3. What functions are necessary to calculate summary statistics for different groups of a categorical variable?

  • summarize()
  • mutate()
  • arrange()
  • group_by()
  • filter()

4. A categorical variable could be correctly stored as what data types?

  • integer
  • double
  • character
  • factor

5. In Lab 2, you worked with the nycflights dataset, which contained information on flights departing from NYC airports. If we wanted to know the average departure delay for every airline in the dataset (e.g., Delta, Allegiant, United), what steps would we need to use? Match the code to its corresponding step.

Step 1 %>%

Step 2 %>%

Step 3

nycflights

group_by(airline)

filter(dest == "SFO")

summarize(mean_dd = mean(dep_delay))

6. What function did you learn that is used for converting a numerical variable to a categorical variable (a process called discretizing)?

  • mutate()
  • filter()
  • if_else()
  • group_by()

7. The arrange() function sorts or reorder a data frame’s rows according to the values of the specified variable. By default, what ordering does it use for the rows?

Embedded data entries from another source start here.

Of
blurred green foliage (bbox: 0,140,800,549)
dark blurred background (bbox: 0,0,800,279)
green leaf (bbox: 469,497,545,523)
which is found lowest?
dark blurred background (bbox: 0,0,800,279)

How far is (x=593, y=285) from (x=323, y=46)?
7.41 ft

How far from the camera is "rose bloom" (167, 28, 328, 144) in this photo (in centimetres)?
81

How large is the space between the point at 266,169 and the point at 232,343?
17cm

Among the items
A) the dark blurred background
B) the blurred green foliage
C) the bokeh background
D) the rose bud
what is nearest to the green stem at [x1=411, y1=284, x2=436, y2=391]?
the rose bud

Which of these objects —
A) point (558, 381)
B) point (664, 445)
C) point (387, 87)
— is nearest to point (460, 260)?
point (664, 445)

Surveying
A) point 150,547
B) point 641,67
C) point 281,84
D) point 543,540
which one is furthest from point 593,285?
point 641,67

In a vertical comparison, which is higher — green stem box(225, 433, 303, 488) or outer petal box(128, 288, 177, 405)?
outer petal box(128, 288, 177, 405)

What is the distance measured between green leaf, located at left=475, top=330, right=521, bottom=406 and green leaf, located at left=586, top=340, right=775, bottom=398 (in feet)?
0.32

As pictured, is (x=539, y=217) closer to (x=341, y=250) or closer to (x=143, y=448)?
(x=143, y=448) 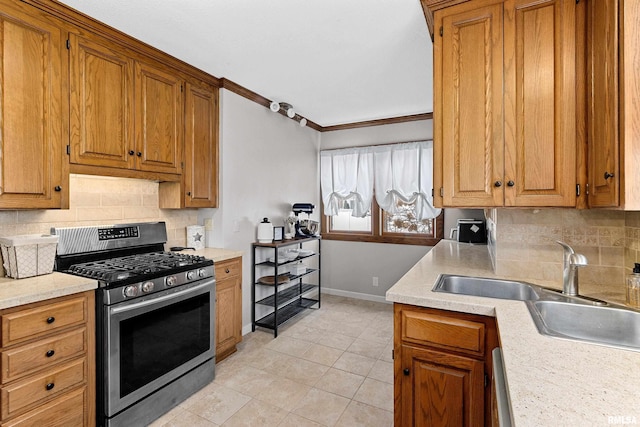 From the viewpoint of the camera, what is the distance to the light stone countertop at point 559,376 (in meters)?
0.67

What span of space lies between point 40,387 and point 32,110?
1.50m

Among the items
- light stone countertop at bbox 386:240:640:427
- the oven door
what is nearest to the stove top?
the oven door

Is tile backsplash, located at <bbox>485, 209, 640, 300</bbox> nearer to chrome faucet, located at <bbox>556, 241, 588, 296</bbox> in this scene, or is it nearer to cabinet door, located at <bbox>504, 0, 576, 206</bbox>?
chrome faucet, located at <bbox>556, 241, 588, 296</bbox>

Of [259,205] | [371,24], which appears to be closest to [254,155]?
[259,205]

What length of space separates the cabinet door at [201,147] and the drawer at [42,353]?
1298 mm

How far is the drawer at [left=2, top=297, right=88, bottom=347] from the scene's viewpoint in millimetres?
1418

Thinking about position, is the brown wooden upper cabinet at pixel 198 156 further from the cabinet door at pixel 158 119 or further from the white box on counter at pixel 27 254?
the white box on counter at pixel 27 254

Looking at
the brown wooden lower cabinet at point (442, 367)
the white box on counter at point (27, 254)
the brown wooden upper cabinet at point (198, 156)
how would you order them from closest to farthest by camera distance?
1. the brown wooden lower cabinet at point (442, 367)
2. the white box on counter at point (27, 254)
3. the brown wooden upper cabinet at point (198, 156)

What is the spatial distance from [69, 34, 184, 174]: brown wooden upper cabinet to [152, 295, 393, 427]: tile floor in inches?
68.7

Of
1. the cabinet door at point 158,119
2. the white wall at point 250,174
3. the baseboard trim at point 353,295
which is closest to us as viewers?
the cabinet door at point 158,119

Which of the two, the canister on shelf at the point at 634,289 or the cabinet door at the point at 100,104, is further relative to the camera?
the cabinet door at the point at 100,104

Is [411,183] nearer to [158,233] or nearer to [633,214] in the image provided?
A: [633,214]

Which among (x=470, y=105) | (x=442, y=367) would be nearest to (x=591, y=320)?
(x=442, y=367)

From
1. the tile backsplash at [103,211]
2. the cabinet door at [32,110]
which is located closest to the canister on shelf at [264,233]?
the tile backsplash at [103,211] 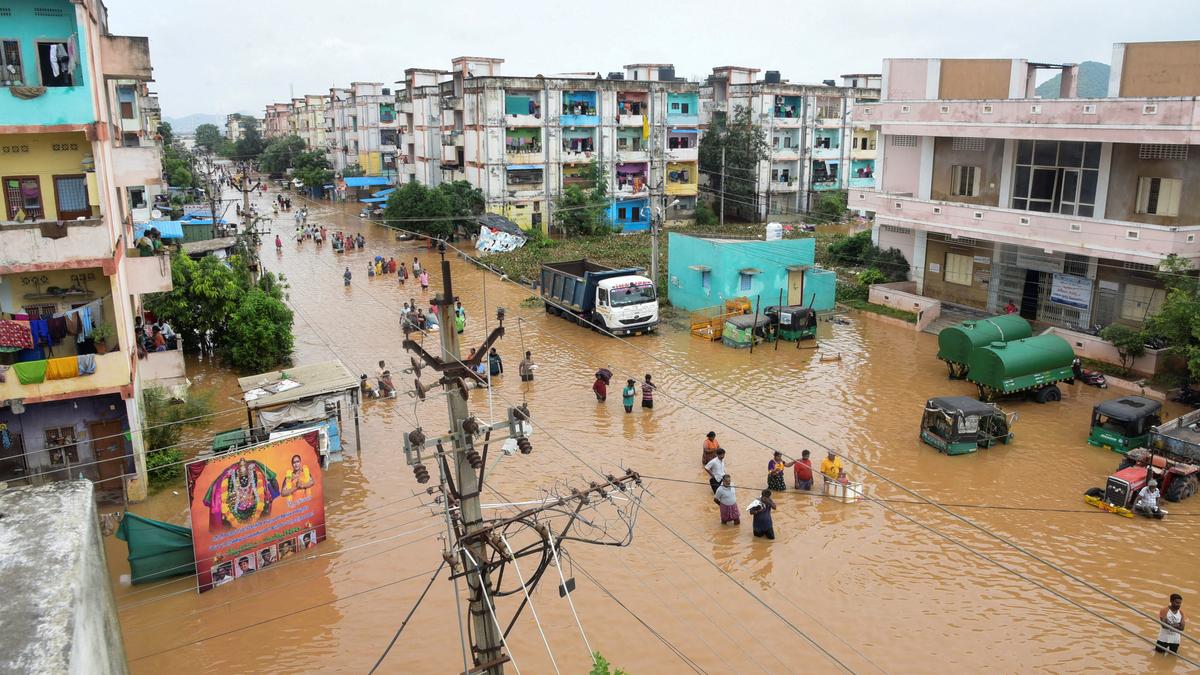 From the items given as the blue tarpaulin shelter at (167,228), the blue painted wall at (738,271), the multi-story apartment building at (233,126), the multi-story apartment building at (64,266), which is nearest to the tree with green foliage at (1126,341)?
the blue painted wall at (738,271)

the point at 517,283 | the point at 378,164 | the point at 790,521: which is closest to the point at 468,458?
the point at 790,521

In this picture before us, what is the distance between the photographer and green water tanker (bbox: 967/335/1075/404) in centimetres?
2139

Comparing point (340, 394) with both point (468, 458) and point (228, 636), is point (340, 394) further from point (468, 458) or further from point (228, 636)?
point (468, 458)

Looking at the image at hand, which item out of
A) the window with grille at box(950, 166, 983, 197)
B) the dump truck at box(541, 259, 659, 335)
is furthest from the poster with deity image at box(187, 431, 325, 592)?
the window with grille at box(950, 166, 983, 197)

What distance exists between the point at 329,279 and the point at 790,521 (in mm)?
31109

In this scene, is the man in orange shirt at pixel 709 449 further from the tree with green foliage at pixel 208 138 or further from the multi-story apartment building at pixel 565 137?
the tree with green foliage at pixel 208 138

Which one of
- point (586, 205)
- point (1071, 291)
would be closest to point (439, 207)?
point (586, 205)

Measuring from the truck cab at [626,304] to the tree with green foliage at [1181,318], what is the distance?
14.6 m

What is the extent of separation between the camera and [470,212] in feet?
166

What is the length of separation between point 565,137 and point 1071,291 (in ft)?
101

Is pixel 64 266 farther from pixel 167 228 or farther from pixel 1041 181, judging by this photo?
pixel 1041 181

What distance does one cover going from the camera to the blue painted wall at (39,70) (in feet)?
50.1

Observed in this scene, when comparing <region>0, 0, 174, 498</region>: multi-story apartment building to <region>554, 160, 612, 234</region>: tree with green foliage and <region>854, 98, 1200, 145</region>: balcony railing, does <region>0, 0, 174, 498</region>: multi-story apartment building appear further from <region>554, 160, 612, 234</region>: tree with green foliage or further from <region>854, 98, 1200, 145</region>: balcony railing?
<region>554, 160, 612, 234</region>: tree with green foliage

  • ascending (smallest to largest)
  • descending (largest to smallest)

1.5 R Tutorial – Due Wednesday by the start of class

It has come to my attention that Posit Cloud has removed their tutorials in favor of what they are calling “recipes”—short tutorials on how to do specific things in R.

So, I’m pivoting to a different tutorial that uses group_by()—the tool you are learning this week—to explore different sampling strategies.

Required Tutorial: Sampling Strategies & Experimental Design

Submission

Submit a screenshot of the completion page for each tutorial to the Canvas assignment portal!